Segment Open
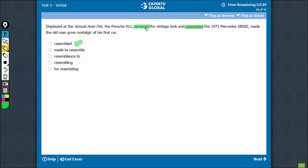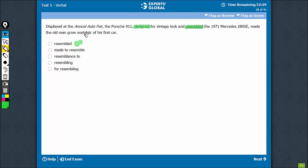The meaning is important. Something designed for vintage look made the old man grow nostalgic. So, Porsche designed for vintage look made the old man grow nostalgic and Porsche resembling the 1971 Mercedes made the old man grow nostalgic.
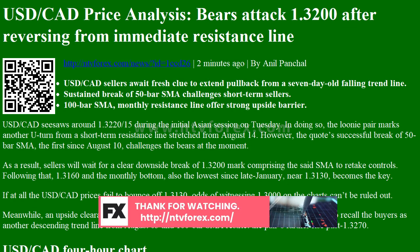USDCAD seesaws around 1.3220 during the initial Asian session on Tuesday. In doing so, the loonie pair marks another U-turn from a short-term resistance line stretched from August 14th. However, the pair's successful break of 50 bar SMA — the first since August 10th — challenges the bears at the moment.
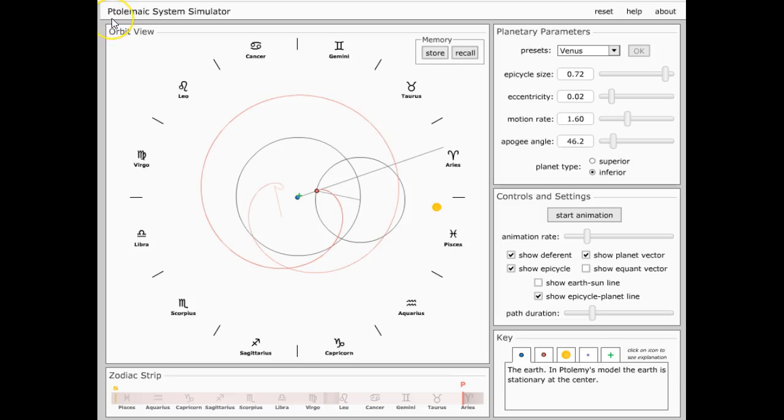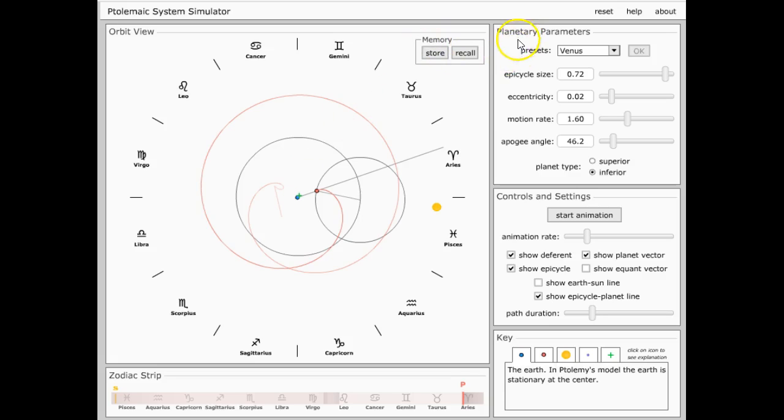This is from the Ptolemaic System Simulator, where Earth is in the center of it all, geocentric. So let's watch this.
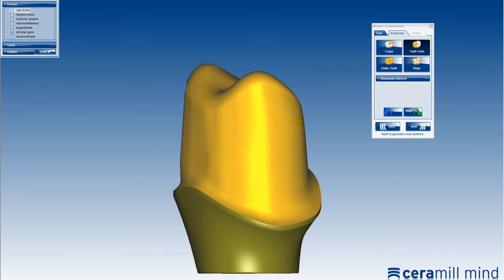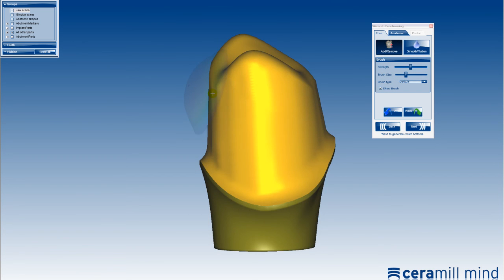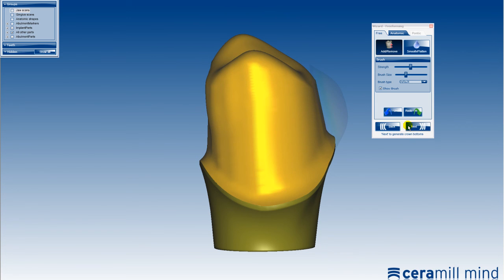Any undercuts generated are blocked out automatically by adjusting the shape of the abutment. Construction of the abutment is completed by pressing the Next button.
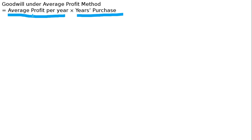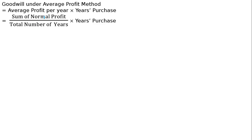What is average normal profit? That is total sum of normal profit. With the word normal, there should be no abnormal gain or abnormal loss. Divided by total number of years - you can see first year, second year, third year, fourth year, fifth year.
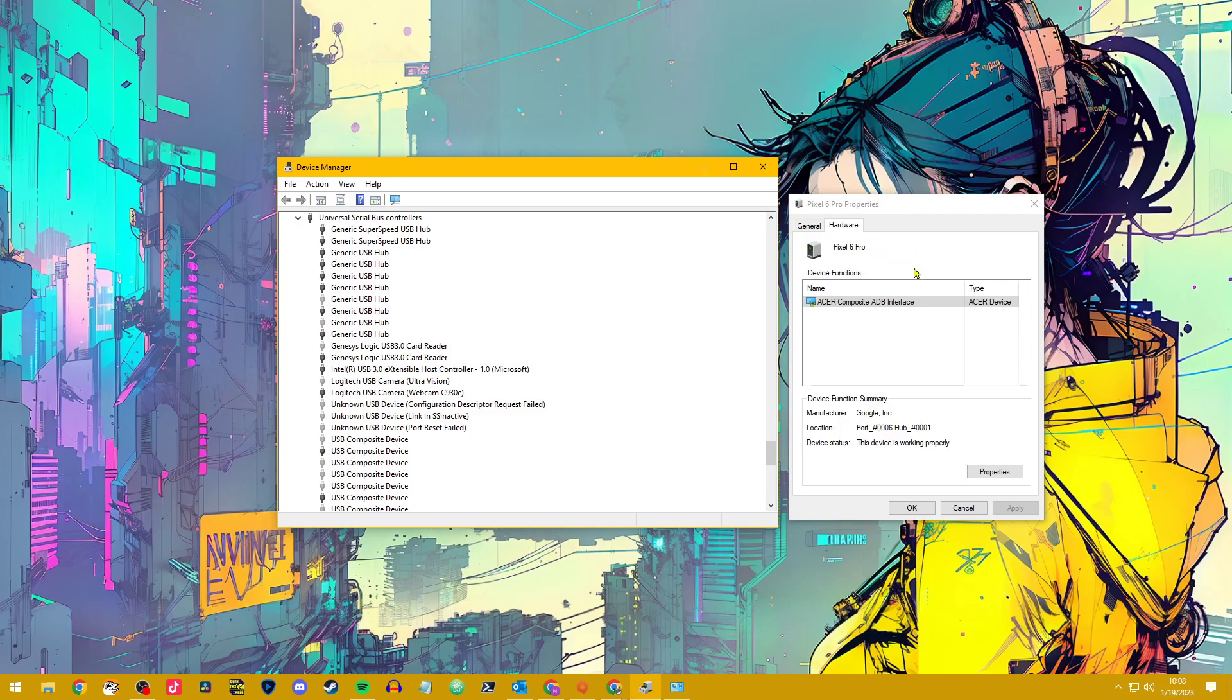But also, let's not forget you need to make sure that your device is set in your USB preferences on the phone itself. You'll go into your settings, search for USB preferences and then open that up. It should say use USB for, make sure it is set to file transfer slash Android auto.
Segment Closed
◆ **Exercise description**
Please repeat every record above exactly, but leave out the pictures.

◆ **Answer section**
The meaning is important. Something designed for vintage look made the old man grow nostalgic. So, Porsche designed for vintage look made the old man grow nostalgic and Porsche resembling the 1971 Mercedes made the old man grow nostalgic.
USDCAD seesaws around 1.3220 during the initial Asian session on Tuesday. In doing so, the loonie pair marks another U-turn from a short-term resistance line stretched from August 14th. However, the pair's successful break of 50 bar SMA — the first since August 10th — challenges the bears at the moment.
This is from the Ptolemaic System Simulator, where Earth is in the center of it all, geocentric. So let's watch this.
Any undercuts generated are blocked out automatically by adjusting the shape of the abutment. Construction of the abutment is completed by pressing the Next button.
What is average normal profit? That is total sum of normal profit. With the word normal, there should be no abnormal gain or abnormal loss. Divided by total number of years - you can see first year, second year, third year, fourth year, fifth year.
But also, let's not forget you need to make sure that your device is set in your USB preferences on the phone itself. You'll go into your settings, search for USB preferences and then open that up. It should say use USB for, make sure it is set to file transfer slash Android auto.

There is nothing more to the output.